§ What you are asked to do:
Output exactly the lines from the first line of the records below through the line containing "Cute cartoon Chinese", both included, leaving out any pictures.

=== Begin Enclosure ===

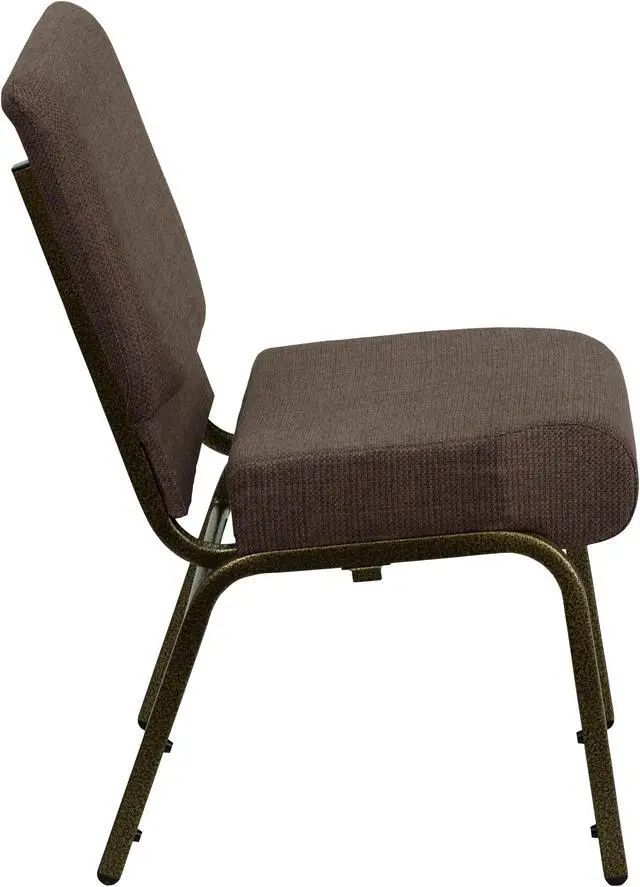 Alt view image 2 of 20 - Flash Furniture FD-CH0221-4-GV-S0819-GG Hercules Series 21-Inch Extra Wide Brown Stacking Church Chair with 4-Inch Thick Seat/Gold Vein Frame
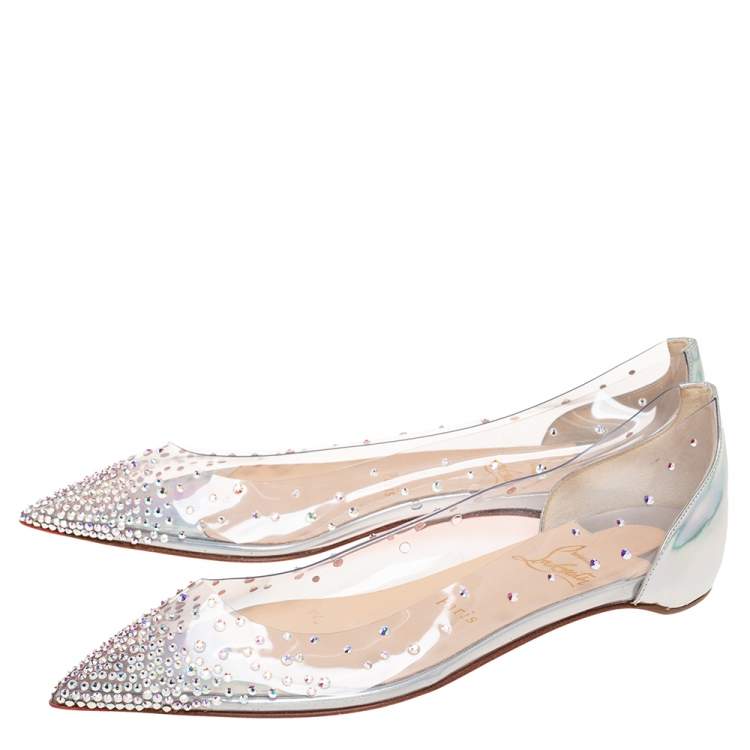 Pre Owned Christian Louboutin Silver Iridescent Leather and PVC Degrastrass Pointed-Toe Ballet Flats Size 37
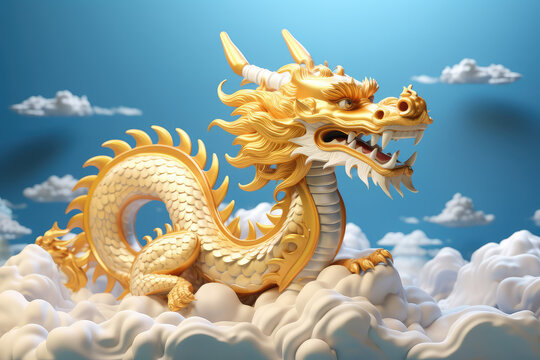 Cute cartoon Chinese dragon, happy lunar new year 2024 background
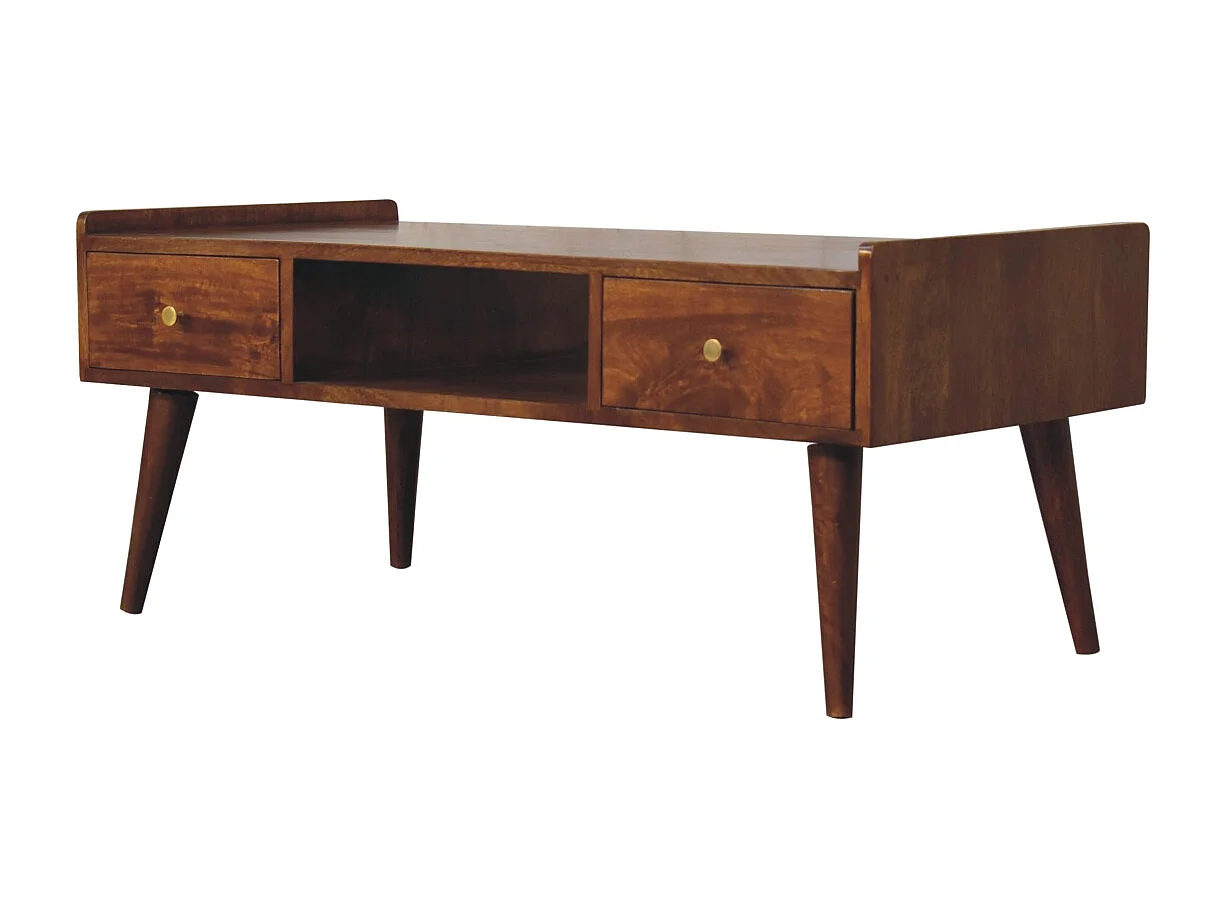 Artisan Furniture Massivholz Erhöhtes Medienmöbel aus Kastanienholz, 4 Schubladen und Offenes Fach, Dunkelbraun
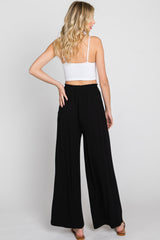 Black Smocked Waist Wide Leg Lounge Pants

=== End Enclosure ===

§ Finished task:
 Alt view image 2 of 20 - Flash Furniture FD-CH0221-4-GV-S0819-GG Hercules Series 21-Inch Extra Wide Brown Stacking Church Chair with 4-Inch Thick Seat/Gold Vein Frame
 Pre Owned Christian Louboutin Silver Iridescent Leather and PVC Degrastrass Pointed-Toe Ballet Flats Size 37
 Cute cartoon Chinese dragon, happy lunar new year 2024 background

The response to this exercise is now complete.